I have both and I agree that they are similar.  And, I also hardly use either.  Stila's Charm is also similar.  I have that one too and it's hardly used LOL


----------



## equus18 (Aug 8, 2010)

I went to MAC today to get Crazy Cool from the Dare to Wear collection but they were out.  The sales girl recommended Beautiful Iris instead.  She swatched both on my hand.  They are similar.  I like the Beautiful Iris better--it's more on the lavender side.  Whereas, Crazy Cool is lighter, whitish-lavender.  I bought Beautiful Iris.


----------



## Lyssah (Aug 17, 2010)

on me (nc/nw15) Zingy and Electric Eel are the almost the same. 






Crest the Wave and Going Bananas are different. Crest The Wave is more pigmented.


----------



## Lyssah (Aug 17, 2010)

Quote:

   Originally Posted by *equus18* 

 
_I went to MAC today to get Crazy Cool from the Dare to Wear collection but they were out.
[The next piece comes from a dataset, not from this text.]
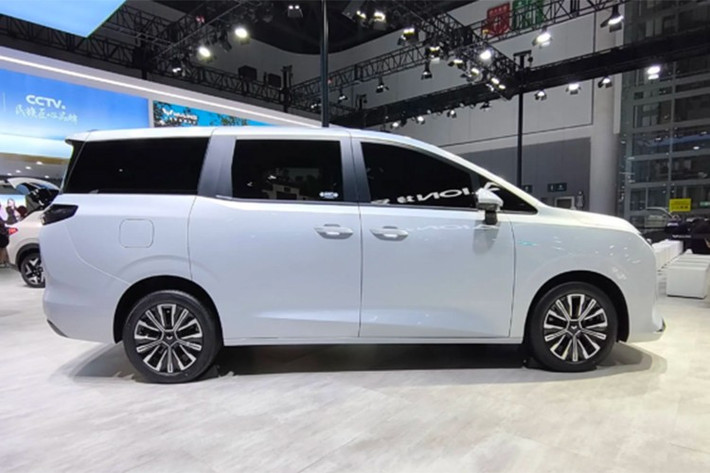 Xingguang 730 2025 mới được phát triển dựa trên kiến trúc năng lượng của Wuling và ứng dụng loạt công nghệ “Sky-Spirit-God”. Điểm khác biệt lớn nhất của mẫu MPV này nằm ở tùy chọn đa dạng hệ truyền động, bao gồm xăng truyền thống, hybrid sạc điện (PHEV) và thuần điện, nhằm đáp ứng nhu cầu đa dạng của khách hàng.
The sales girl recommended Beautiful Iris instead. She swatched both on my hand. They are similar. I like the Beautiful Iris better--it's more on the lavender side. Whereas, Crazy Cool is lighter, whitish-lavender. I bought Beautiful Iris._

 
I just picked up Crazy Cool today. I already own beautiful iris.

On me Crazy Cool is not similar to Beautiful Iris, its closer to Digit.


----------



## Twinkle_Twinkle (Aug 18, 2010)

Quote:

   Originally Posted by *Lyssah* 

 
_I just picked up Crazy Cool today. I already own beautiful iris.
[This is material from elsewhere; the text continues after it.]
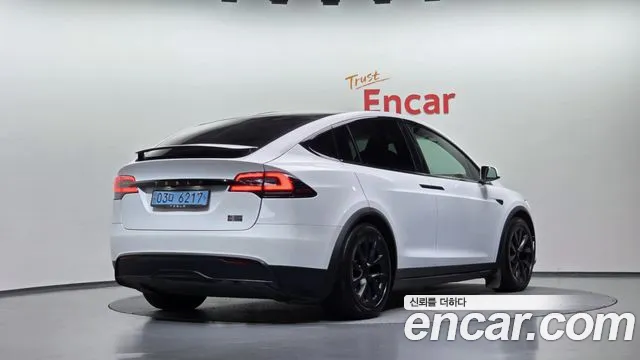 Tesla Model X — Фото автомобиля 2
On me Crazy Cool is not similar to Beautiful Iris, its closer to Digit._

 





 Yup.  Or even Crystal.


----------



## EricaMarie (Aug 18, 2010)

Quote:

   Originally Posted by *equus18* 

 
_I went to MAC today to get Crazy Cool from the Dare to Wear collection but they were out. The sales girl recommended Beautiful Iris instead. She swatched both on my hand. They are similar. I like the Beautiful Iris better--it's more on the lavender side. Whereas, Crazy Cool is lighter, whitish-lavender. I bought Beautiful Iris._

 
Man, I LOVE Beautiful Iris! I agree Crazy Cool is whiter-I bought it, & like it, but it's more...powdery? On me. I guess the word I want is chalky. 

Also, VG Gaga & Pink Nouveau are damn near identical. I've always thought that, & then I read an interview with Gaga about her VG, & she mentioned Pink Nouveau was her like, staple lipstick & she basically wanted that color as her release.


----------



## CajunFille' (Aug 25, 2010)

Hi Ladies! I have several LE eyeshadows that I was wondering if they may be similar to any regular line MAC shades. I'm planning on picking up some more eyeshadows soon and just don't want to end up buying 2 of the same color. Here is what I have already & thanks for any help...
Take Wing 
Showstopper
Primal
Dark Edge
Tissue Weight
Femme Fi
Hey!
Nanogold
Soft Force
Embark...I know it is regular line already, but is there one that is similar?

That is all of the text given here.